6/4 'What's the point of all this? Berkeley really should be a really
cool place to be a CS person, but it's usually not. If you're reading
this book, it's probably *your* responsibility to help make Berkeley a
cooler place to be. Even if you're just a CSUA member, or nonmember,
and not an officer or anything. It is important that people do stuff
that's for more than themselves, but the Berkeley computer science
community I have been witnessing is stuck in a deadlock of mutual
laziness and exhaustion.' - Jon Blow, from the CSUA log book
\_ I think the above is perhaps the single finest exposition of what
the CSUA should be about. -dans
\_ Your webpage is hillarious.
\_ The way you spell hilarious is hilarious. -dans
\_ laziness and exhaustion?
\_ whining aimlessly while trying to look like you care about
something unimportant or nonexistent like the "Berkeley computer
science community"? as soon as someone starts drooling about
a 'community' that's a keyword trigger that tells you it's ok
to tune out and think about something important.
\_ Like, perhaps, expanding your pr0n archive?
\_ That and anything else imaginable would be more meaningful
\_ Wow, I pity your sad, lonely, self-loathing existence -dans
\_ Wow, I pity your arrogant, sanctimonious, self-important
existance.
\_ Take a deep breath and repeat after me, "it's only school,
it's only school, it's only school". If you need the csua
to have some sort of great social meaning in order to
bring meaning to your own life then well, nevrmind, this
should be self evident. There's no such thing as the
"Berkeley computer science community". Most "communities"
don't exist. If they did they wouldn't require "work" to
keep them going. Think about it, genius.
\_ You, too, have missed the point. College, as an
experience, should be more than a process of getting a
good job. In blojo's POV, the CSUA should be part of a
better, smarter, more inventive, more mind expanding
computer experience. And ALL communities require work
to keep them going.
\_ The CSUA has had this problem since XCF split off from UCF and
the proliferation of affordable computing power. Without the
need for machine access, the CSUA falls back on a social agenda.
And since nerds by definition aren't social, it falls apart.
Unless, as written by Jon, you can find a core group to hold it
together and attract other likeminded people.
\_ I see nothing falling apart.

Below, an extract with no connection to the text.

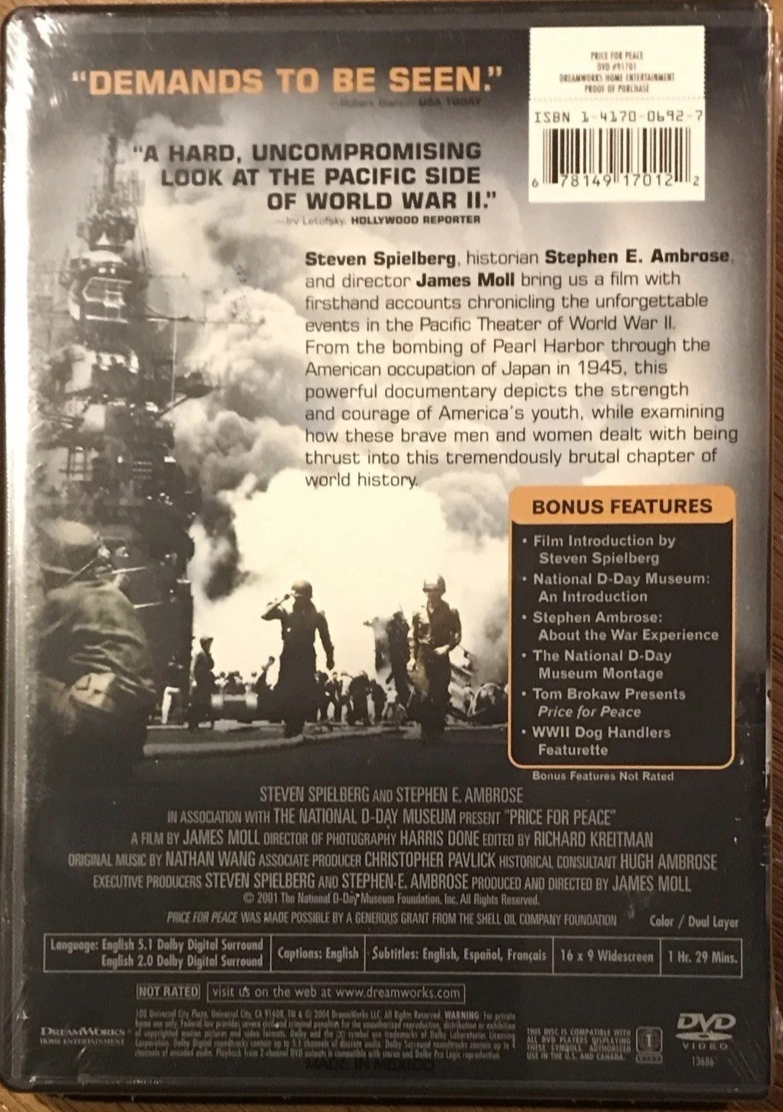 Price for Peace (DVD, 2004)  New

What's wrong with the CSUA?
\_ Nothing really. It's just not a great hacker group.
\_ why shouldn't be the CSUA be a social organization? Do you
know how many people got married as a result of the CSUA?
\_ Name all of the CSUA social events/activities. If there is
a strong leadership, it's fine. They can drive them. If
not, it all falls apart. If the CSUA can develop a core
place for people to do computer nerd hacking, it becomes
a social organization by default. The question has always
been what does the CSUA want to do?
\_ and how many marriages has BDG stopped?

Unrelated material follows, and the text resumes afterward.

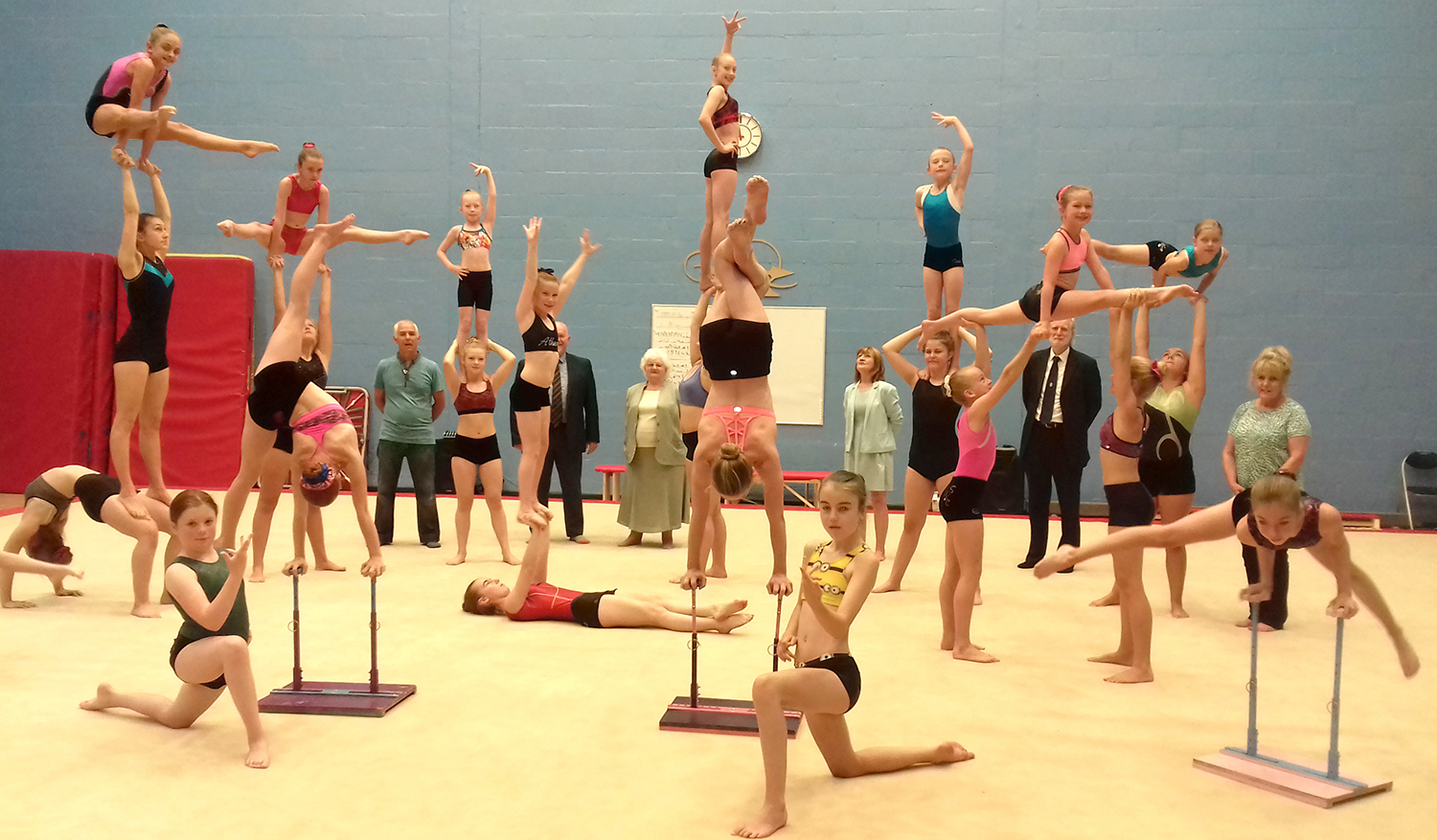 Acrobatic Gymnastics Show in Aycliffe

\_ He stopped mine. One must listen and obey.
I repeat the daily invocation: T B T H!
\_ what is TBTH???
\_ "The B&%#h took half!"
\_ The OCF split off from UCF? When did this happen? Neat
trick.
\_ Oops. Too much drinking. It has been fixed...
\_ I don't know about you, but I joined to get another
e-mail address and shell account.
\_ nononono, it's all about the warm fuzzy feeling you get
when you code late into the night with other nerdlings
and share tales of GNUvictory over those who would keep
the information from being free! it's all about the
Berkeley computer science community!! Do it for the kids!
\_ blojo never said anything about a social agenda. -dans
\_ You're right. But the CSUA becomes just a social club
when there is no centralizing computing environment where
likeminded nerds can hack code, talk about code hacks, and
create stuff for world use/domination. So many CS nerds,
so little code generation.
\_ its what the WEB used to be for for undergrads.
\_ Remember kids. It's only school. However important you think the
CSUA and your CSUA 'friends' and just about anything else in school
seems now it won't mean shit onec you've graduated, have a job, a
wife/husband, a mortgage, car payments, and start thinking about
what you're going to name your kids and if you'll raise them in a
religion or not and which one. The CSUA is mere trivia at best.
\_ I graduated a decade ago and the community of friends that
I made in college is still the people that I spend time with,
still the ones that I visit on vacation, still the ones
that I live with and still the ones that I know will be
there for me when I need them. I respect your choices, but
you should not think that your way is the only way.
\_ Did you ever leave Berkeley? Maybe you'd be better off with
a more diverse group of friends. Sounds really inbred to me.
\_ ditto. Most people i know/know_of are like that too.
Probably something about the first people you know well
when you are away from home, (or the first people you know
after you are over age?) but there is definitely somthing
about college-connections that seem to last.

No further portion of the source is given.